Supplied material:
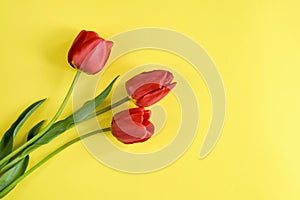 Three fresh red tulips on yellow background, bouquet of spring flowers. Top view. Close-up. Copy space.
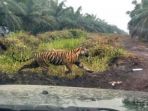 harimau-bonita-diburu-petugas_20180321_132416.jpg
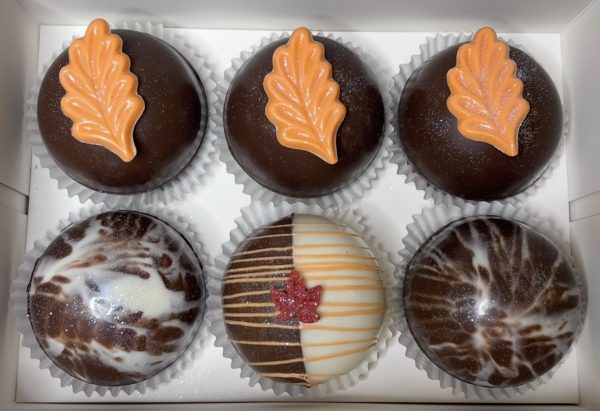 Assorted Cocoa Bombs (Box of 6)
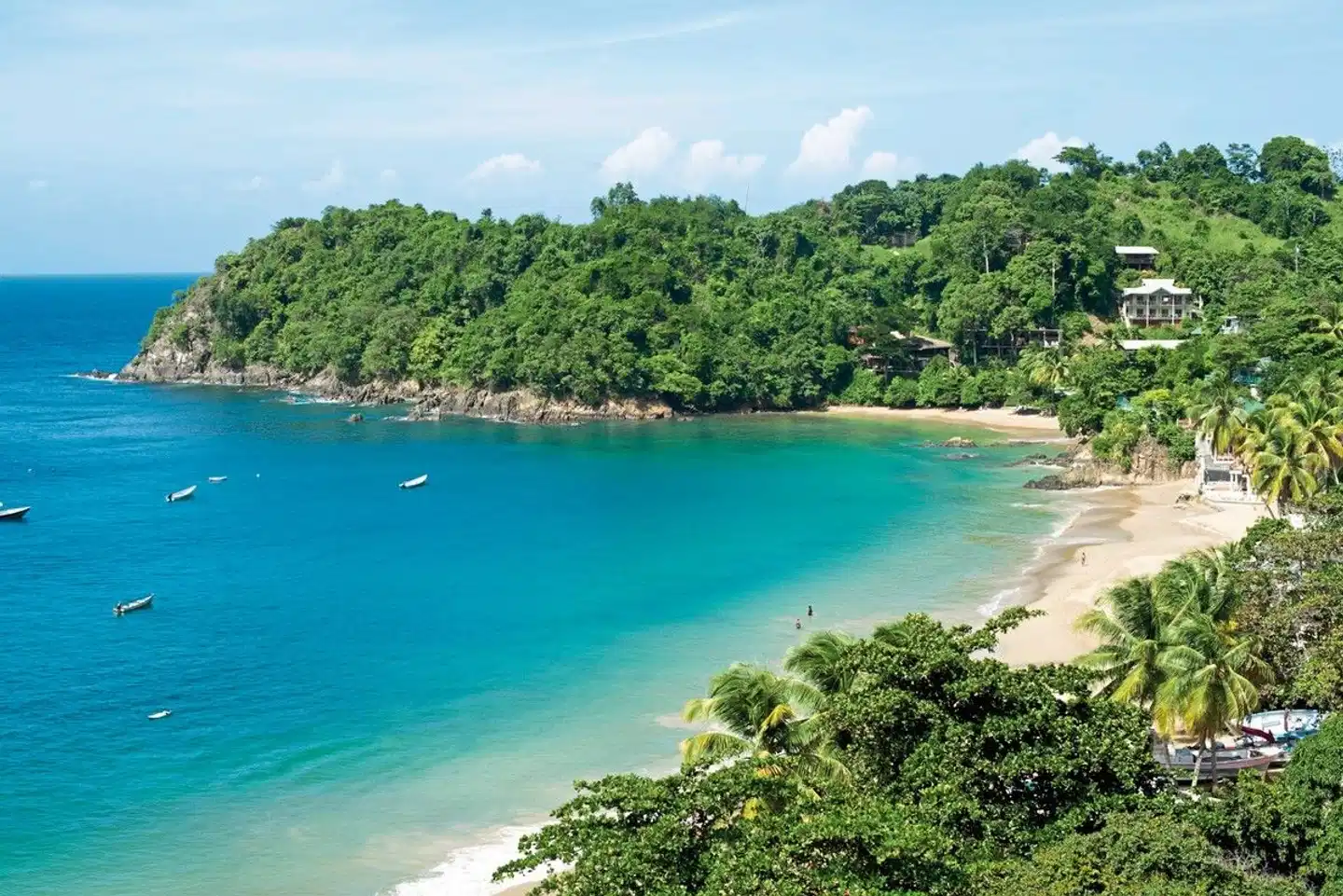 Castara Retreats Landschaft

Description of the task: The data above, line by line: transcribe it exactly and drop the pictures.

Response to this task:
 Three fresh red tulips on yellow background, bouquet of spring flowers. Top view. Close-up. Copy space.
 harimau-bonita-diburu-petugas_20180321_132416.jpg
 Assorted Cocoa Bombs (Box of 6)
 Castara Retreats Landschaft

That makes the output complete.